Understanding the Reactivity of Ion-Encapsulated Fullerenes

Yago García-Rodeja; Miquel Solà; F Matthias Bickelhaupt; Israel Fernández

doi:10.1002/chem.201701506

Understanding the Reactivity of Ion-Encapsulated Fullerenes

Chemistry. 2017 Aug 16;23(46):11030-11036. doi: 10.1002/chem.201701506. Epub 2017 Jul 4.

Authors

Yago García-Rodeja¹, Miquel Solà², F Matthias Bickelhaupt^{3

4}, Israel Fernández¹

Affiliations

¹ Departamento de Química Orgánica I and Centro de Innovación en Química Avanzada (ORFEO-CINQA), Facultad de Ciencias Químicas, Universidad Complutense de Madrid, 28040, Madrid, Spain.
² Institut de Química Computacional i Catàlisi and Departament de Química, Universitat de Girona, C/ Maria Aurèlia Campany 69, 17003, Girona, Spain.
³ Department of Theoretical Chemistry and Amsterdam Center for Multiscale Modeling (ACMM), Vrije Universiteit Amsterdam, De Boelelaan 1083, 1081 HV, Amsterdam, The Netherlands.
⁴ Institute for Molecules and Materials (IMM), Radboud University, Heyendaalseweg 135, 6525, AJ Nijmegen, The Netherlands.

PMID: 28485506
DOI: 10.1002/chem.201701506

Abstract

The influence of the encapsulation of an ion inside the C₆₀ fullerene cage on its exohedral reactivity was explored by means of DFT calculations.
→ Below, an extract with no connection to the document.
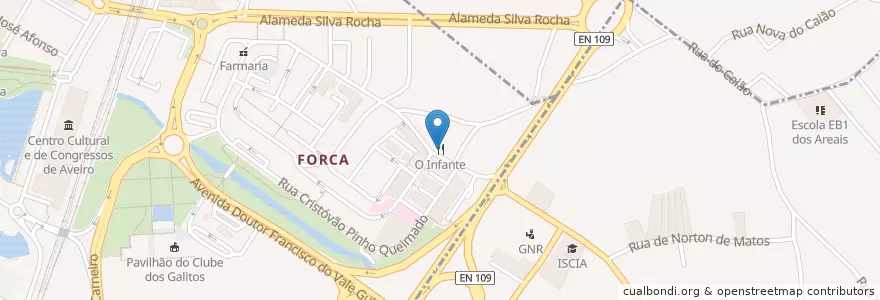 Mapa de ubicacion de O Infante en Португалия, Aveiro, Центральный Регион, Baixo Vouga, Aveiro, Glória E Vera Cruz.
To this end, the Diels-Alder reaction between 1,3-cyclohexadiene and M@C₆₀ (M=Li⁺ , Na⁺ , K⁺ , Be²⁺ , Mg²⁺ , Al³⁺ , and Cl^- ) was studied and compared to the analogous process involving the parent C₆₀ fullerene. A significant enhancement of the Diels-Alder reactivity is found for systems having an endohedral cation, whereas a clear decrease in reactivity is observed when an anion is encapsulated in the C₆₀ cage. The origins of this reactivity trend were quantitatively analyzed in detail by using the activation strain model of reactivity in combination with energy decomposition analysis.

Keywords: cations; cycloaddition; density functional calculations; fullerenes.